## TASK DIRECTIONS
Every line below between the one holding "toIn addition, the acidosis also contributes to" and the one holding "Bizans İmparatoru IV. Romanos Dıogenes", inclusive, should be copied exactly, and no other line.

•••

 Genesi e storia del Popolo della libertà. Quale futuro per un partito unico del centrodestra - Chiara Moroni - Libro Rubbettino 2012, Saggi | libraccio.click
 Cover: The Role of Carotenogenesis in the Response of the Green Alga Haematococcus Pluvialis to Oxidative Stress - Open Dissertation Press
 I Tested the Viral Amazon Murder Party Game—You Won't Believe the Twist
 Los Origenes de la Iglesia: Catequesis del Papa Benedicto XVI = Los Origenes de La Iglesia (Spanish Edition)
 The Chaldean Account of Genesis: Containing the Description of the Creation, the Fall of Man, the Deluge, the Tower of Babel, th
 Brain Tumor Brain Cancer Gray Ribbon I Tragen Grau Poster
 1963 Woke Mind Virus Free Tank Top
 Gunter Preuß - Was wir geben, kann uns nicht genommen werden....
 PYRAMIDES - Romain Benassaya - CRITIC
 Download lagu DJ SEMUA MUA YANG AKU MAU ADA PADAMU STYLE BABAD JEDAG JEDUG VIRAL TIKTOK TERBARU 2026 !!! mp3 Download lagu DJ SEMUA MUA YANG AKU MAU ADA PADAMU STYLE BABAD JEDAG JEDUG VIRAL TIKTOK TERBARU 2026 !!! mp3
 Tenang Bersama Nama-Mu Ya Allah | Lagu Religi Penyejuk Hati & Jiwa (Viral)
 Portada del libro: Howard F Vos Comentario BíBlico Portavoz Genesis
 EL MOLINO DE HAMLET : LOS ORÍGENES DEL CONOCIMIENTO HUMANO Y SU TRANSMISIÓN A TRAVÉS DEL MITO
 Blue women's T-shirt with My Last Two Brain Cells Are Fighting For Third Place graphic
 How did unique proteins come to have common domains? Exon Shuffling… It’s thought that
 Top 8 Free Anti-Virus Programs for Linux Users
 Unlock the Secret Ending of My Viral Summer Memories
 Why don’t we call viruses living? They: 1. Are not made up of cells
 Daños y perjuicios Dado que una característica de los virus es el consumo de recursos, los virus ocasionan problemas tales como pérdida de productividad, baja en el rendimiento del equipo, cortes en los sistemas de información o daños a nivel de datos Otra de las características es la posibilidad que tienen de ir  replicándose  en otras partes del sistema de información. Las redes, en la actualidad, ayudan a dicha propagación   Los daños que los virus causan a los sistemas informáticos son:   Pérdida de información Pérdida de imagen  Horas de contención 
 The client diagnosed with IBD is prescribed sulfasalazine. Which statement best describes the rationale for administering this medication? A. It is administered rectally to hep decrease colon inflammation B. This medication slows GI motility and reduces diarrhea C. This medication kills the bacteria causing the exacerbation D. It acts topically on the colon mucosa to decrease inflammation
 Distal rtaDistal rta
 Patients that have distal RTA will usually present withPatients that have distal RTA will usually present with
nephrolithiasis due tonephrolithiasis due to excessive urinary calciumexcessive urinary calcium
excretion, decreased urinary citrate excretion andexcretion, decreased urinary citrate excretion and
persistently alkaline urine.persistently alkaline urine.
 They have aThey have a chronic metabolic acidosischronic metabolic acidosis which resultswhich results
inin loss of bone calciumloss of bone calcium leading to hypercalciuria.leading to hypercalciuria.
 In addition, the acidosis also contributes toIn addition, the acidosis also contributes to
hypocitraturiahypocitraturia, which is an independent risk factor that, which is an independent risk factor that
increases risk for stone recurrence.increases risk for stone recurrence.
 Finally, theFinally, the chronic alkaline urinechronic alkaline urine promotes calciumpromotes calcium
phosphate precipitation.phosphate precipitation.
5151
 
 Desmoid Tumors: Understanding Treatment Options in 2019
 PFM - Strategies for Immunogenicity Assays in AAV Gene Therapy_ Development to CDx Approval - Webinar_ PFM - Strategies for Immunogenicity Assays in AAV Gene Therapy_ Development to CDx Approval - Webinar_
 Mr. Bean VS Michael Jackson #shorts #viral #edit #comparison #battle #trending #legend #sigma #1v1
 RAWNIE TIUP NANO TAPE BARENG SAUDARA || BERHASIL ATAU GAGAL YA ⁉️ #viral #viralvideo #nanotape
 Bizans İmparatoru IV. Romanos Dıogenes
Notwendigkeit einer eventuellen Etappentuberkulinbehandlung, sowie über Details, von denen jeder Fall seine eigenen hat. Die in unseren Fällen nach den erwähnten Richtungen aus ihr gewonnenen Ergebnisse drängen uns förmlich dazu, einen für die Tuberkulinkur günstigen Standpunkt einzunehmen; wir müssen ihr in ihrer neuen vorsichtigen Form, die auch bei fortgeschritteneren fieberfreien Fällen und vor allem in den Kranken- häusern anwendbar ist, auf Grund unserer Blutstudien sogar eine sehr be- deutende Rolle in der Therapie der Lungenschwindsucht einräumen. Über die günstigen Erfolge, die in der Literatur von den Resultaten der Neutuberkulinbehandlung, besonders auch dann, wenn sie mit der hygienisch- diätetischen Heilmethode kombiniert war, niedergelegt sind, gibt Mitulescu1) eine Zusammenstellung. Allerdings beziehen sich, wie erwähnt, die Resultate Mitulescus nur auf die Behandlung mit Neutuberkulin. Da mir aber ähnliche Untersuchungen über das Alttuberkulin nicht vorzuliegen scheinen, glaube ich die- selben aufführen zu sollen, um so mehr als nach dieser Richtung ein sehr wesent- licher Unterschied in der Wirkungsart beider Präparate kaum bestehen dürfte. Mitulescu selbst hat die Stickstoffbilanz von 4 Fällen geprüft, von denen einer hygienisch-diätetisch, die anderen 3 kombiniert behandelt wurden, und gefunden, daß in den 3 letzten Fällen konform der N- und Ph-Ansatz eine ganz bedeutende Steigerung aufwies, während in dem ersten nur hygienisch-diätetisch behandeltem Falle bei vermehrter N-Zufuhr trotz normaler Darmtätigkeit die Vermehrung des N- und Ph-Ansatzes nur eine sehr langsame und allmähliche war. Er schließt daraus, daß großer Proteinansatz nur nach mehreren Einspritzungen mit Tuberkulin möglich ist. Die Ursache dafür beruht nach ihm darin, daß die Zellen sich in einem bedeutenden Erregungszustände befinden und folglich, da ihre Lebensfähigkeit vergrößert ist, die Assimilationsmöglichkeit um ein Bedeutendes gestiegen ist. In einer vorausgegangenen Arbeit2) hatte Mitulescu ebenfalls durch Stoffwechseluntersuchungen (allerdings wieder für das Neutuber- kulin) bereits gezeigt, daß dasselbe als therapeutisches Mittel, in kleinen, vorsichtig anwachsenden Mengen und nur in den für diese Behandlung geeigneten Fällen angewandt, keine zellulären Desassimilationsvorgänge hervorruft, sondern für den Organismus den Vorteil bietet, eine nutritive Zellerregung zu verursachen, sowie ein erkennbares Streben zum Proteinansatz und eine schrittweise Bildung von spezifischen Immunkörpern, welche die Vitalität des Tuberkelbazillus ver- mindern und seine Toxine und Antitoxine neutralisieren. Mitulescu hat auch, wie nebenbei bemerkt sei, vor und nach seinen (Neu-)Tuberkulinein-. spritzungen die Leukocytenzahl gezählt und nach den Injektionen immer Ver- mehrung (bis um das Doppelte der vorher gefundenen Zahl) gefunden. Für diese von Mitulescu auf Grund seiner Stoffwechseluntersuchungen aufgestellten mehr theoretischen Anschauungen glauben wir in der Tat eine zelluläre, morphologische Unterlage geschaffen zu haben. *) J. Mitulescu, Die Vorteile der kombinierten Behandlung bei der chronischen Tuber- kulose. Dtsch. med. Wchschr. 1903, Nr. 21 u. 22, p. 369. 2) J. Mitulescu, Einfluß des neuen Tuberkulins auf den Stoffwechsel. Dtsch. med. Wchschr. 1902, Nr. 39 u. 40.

•••

## OUTPUT
 In addition, the acidosis also contributes toIn addition, the acidosis also contributes to
hypocitraturiahypocitraturia, which is an independent risk factor that, which is an independent risk factor that
increases risk for stone recurrence.increases risk for stone recurrence.
 Finally, theFinally, the chronic alkaline urinechronic alkaline urine promotes calciumpromotes calcium
phosphate precipitation.phosphate precipitation.
5151
 
 Desmoid Tumors: Understanding Treatment Options in 2019
 PFM - Strategies for Immunogenicity Assays in AAV Gene Therapy_ Development to CDx Approval - Webinar_ PFM - Strategies for Immunogenicity Assays in AAV Gene Therapy_ Development to CDx Approval - Webinar_
 Mr. Bean VS Michael Jackson #shorts #viral #edit #comparison #battle #trending #legend #sigma #1v1
 RAWNIE TIUP NANO TAPE BARENG SAUDARA || BERHASIL ATAU GAGAL YA ⁉️ #viral #viralvideo #nanotape
 Bizans İmparatoru IV. Romanos Dıogenes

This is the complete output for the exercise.